# Facebook to launch $200 Oculus VR headset that doesnt need a phone or computer



## CAPSLOCKSTUCK (Jul 14, 2017)

The new headset will be geared toward immersive gaming, watching video and social networking, according to Bloomberg.

It will sit between the firm's Gear VR system, which requires a Samsung phone, and its Rift headset, which requires an expensive PC.







Code-named 'Pacific,' the device resembles a more compact version of the Rift and will be lighter than Samsung's Gear VR headset, one of the people who briefed Bloomberg said.

The firm has also previously showed off an early prototype of a wireless headset codenamed Santa Cruz, and it is believed some of that technology will be used in the new product.


The firm is believed to be working with China's Xiaomi and its network of contract manufacturers to produce the new headset for global distribution, and it will be branded as a Xiaomi headset there.

The head of Oculus, Hugo Barra was previously a Xiaomi executive.


----------



## Mindweaver (Jul 14, 2017)

I heard something about this earlier today, but I didn't hear a price.
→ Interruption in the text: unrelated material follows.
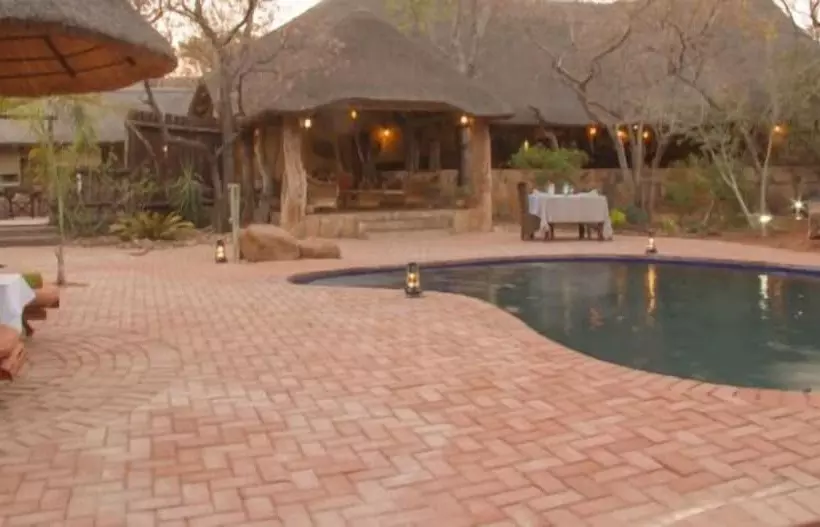 Hotelli Bateleur Tented Safari Lodge And Bush Spa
I'm really interested in this over HTC's standalone hmd coming out later this year using the Google Daydream platform. It's price is going to be close to the current Vive's price.


----------



## WhiteNoise (Jul 15, 2017)

I read about this several months ago. Looks interesting but not needed for me since I have the Oculus already.


----------



## xkm1948 (Jul 15, 2017)

Well I started off using Google Cardboard with my old Galaxy S4 into VR. The problem using mobile orientated design will always have the problem of quality.  Even for current level of 2K VR HMD it needs 1080Ti/TitanXp level graphic performance.  Wider FOV, higher resolution as well as eye tracking will only increase the demand. I don't see Qualcom based mobile chips competing with nvidia/AMD any time soon in VR.
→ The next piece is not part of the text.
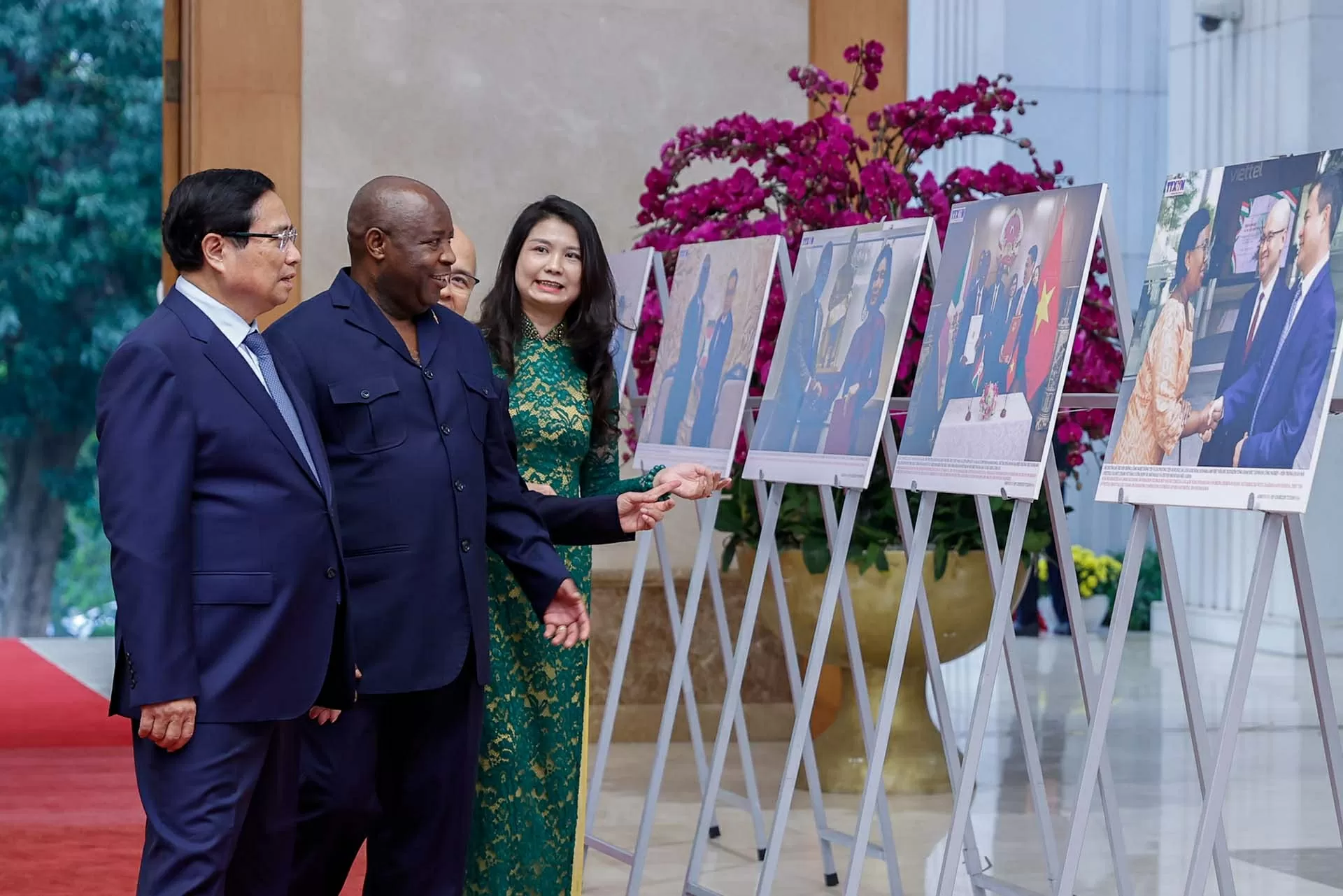 PM Pham Minh Chinh meets with Burundian President  Évariste Ndayishimiye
Very likely this is Facebook's answer to Google's Daydream platform.  Premium VR will always need top of the line GPU performance. Entry level VR is different though. 

At the same time, entry level VR really doesn't compete well with AR. I'd take an AR goggle over entry level VR any time.


----------



## WhiteNoise (Aug 2, 2017)

Ok after reading someones hands on mini review...I might want this and at $200 give or take....makes it less painful.


----------



## Octavean (Aug 22, 2017)

I like the idea in theory.

However, I think it leaves a lot to be desired given it will be based on mobile hardware.   I think the best approach would be to build such a HMD with mobile parts for stand alone use but also allow video pass-through from a high-end computer's video subsystem as well.  Add external tracking as an option and you have a versatile VR HMD with an entry level price of ~$200 and added options to increase its usefulness. 
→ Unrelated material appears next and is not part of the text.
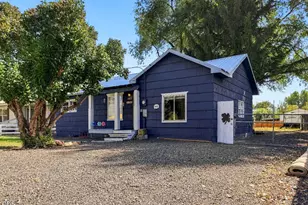 445 Riverside Dr, Burns, OR 97720 - Photo 2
Sort of like the Nintendo Switch.


----------



## WhiteNoise (Oct 25, 2017)

Octavean said:


> I like the idea in theory.
> 
> However, I think it leaves a lot to be desired given it will be based on mobile hardware.   I think the best approach would be to build such a HMD with mobile parts for stand alone use but also allow video pass-through from a high-end computer's video subsystem as well.  Add external tracking as an option and you have a versatile VR HMD with an entry level price of ~$200 and added options to increase its usefulness.
> 
> Sort of like the Nintendo Switch.




Then many wouldn't buy the higher end model. What they are doing is smart. If you want the most powerful system you have to move up to the next model.


----------



## jboydgolfer (Oct 25, 2017)

CAPSLOCKSTUCK said:


> "Facebook to launch $200 Oculus VR headset that doesnt need a phone or computer"



Awwwww... one of the best parts of Laughing at people who bought into VR is the ridiculous sums of money Blown on the OP Computer required, as well as the silly umbilical cord connection required to said PC/device. like that backpack thing, its like seeing people in a bike helmet











seriously tho, i hope VR becomes a real thing in my lifetime, like a technology that is mainstream and fun to use.....like on the level of a console type Ease of use & affordability


----------



## Mindweaver (Oct 26, 2017)

jboydgolfer said:


> Awwwww... one of the best parts of Laughing at people who bought into VR is the* ridiculous sums of money Blown on the OP Computer required*, as well as the silly umbilical cord connection required to said PC/device. like that backpack thing, its like seeing people in a bike helmet
> 
> 
> seriously tho, i hope VR becomes a real thing in my lifetime, like a technology that is mainstream and fun to use.....like on the level of a console type Ease of use & affordability



I'm still using my i7 2600k  @4ghz and I've only bought a GTX 970, but I would have bought that anyway. I can play every game on steam using my Vive. The requirements to play VR has come down a lot. It's a little far fetched to say today's VR is like anything in either of your pictures. VR devices are evolving very fast. You can already buy wireless devices to use with the Vive and soon Oculus.


----------



## xkm1948 (Oct 28, 2017)

Mindweaver said:


> I'm still using my i7 2600k  @4ghz and I've only bought a GTX 970, but I would have bought that anyway. I can play every game on steam using my Vive. The requirements to play VR has come down a lot. It's a little far fetched to say today's VR is like anything in either of your pictures. VR devices are evolving very fast. You can already buy wireless devices to use with the Vive and soon Oculus.



Haters gonna hate.

What I find funny is most of the serious VR haters would become diehard VR fans after they have a good 4~5h tour of either Vive or Rift.


----------



## StrayKAT (Oct 28, 2017)

xkm1948 said:


> Haters gonna hate.
> 
> What I find funny is most of the serious VR haters would become diehard VR fans after they have a good 4~5h tour of either Vive or Rift.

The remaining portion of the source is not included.